Dias depois, em uma manhã gelada na Sibéria Oriental, o escritor chega à prisão de Omsk. Ele dará conta do que agora começa em um relato intitulado Escritos da casa morta (1862). Para Ivan Turguêniev, um livro comparável ao Inferno (1304?). A sentença do futuro autor de Crime e castigo (1866) consistirá em carregar e descarregar as barcaças que navegam no rio Irtich.

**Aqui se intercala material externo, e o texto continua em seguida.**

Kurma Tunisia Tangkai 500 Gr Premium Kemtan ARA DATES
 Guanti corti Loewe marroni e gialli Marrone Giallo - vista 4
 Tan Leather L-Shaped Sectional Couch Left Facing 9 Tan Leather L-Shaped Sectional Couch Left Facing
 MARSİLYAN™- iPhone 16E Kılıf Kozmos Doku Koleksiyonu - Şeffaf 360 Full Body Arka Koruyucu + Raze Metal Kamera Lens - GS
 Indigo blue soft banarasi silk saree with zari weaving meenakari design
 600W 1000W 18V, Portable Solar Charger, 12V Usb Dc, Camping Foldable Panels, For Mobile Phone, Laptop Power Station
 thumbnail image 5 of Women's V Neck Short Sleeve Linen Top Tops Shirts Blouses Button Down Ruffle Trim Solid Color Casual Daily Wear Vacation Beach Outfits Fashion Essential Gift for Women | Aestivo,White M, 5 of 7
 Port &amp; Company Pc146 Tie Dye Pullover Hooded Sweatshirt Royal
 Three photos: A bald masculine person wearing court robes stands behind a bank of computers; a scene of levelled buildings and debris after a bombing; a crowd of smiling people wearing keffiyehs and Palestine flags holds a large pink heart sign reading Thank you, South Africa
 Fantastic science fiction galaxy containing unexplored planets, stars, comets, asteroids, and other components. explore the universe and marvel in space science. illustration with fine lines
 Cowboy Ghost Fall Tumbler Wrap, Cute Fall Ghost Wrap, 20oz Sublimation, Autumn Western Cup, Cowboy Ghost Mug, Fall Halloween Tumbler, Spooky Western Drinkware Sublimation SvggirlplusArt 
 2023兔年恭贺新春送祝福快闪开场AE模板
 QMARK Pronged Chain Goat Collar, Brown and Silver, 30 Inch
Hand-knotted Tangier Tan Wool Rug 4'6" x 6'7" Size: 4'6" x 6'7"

Durante os quatro anos de confinamento, ele usará algemas — conectadas por uma corrente de cinco quilos — que ulcerarão seus tornozelos. Porém, o pior será ser proibido de ler e escrever. A única leitura permitida é a do Evangelho.
 
Já em 1854, após deixar Omsk, precisará cumprir uma segunda parte de sua sentença como soldado em um batalhão penal. Mas será um momento mais suportável porque poderá ler e escrever. Ladrões e assassinos, criminosos comuns, merecerão mais respeito do que intelectuais. Não faltarão, porém, aqueles que sustentam que as Sagradas Escrituras — lidas até a obsessão na “casa dos mortos” — assim como a simulação de execução — prática relativamente frequente naquela época — contribuirão para que o homem que está destinado a ser um dos maiores escritores de todos os tempos seja também alguém em quem a repressão triunfou.
 
Dizem que em 1859, quando Dostoiévski retornou a São Petersburgo após uma década de infortúnios, estava convencido de que a luta pela justiça social não traria liberdade espiritual ao homem. “Com a desilusão das ideias socialistas, cresceu nele uma fé messiânica na Rússia, chamada a desempenhar uma missão especial diante da desumanização do Ocidente”, estima José Fernández Sánchez. 


* Este texto é a tradução livre de “Fiódor Dostoievski frente al pelotón de fusilamiento”, publicado aqui, em Zenda Libros.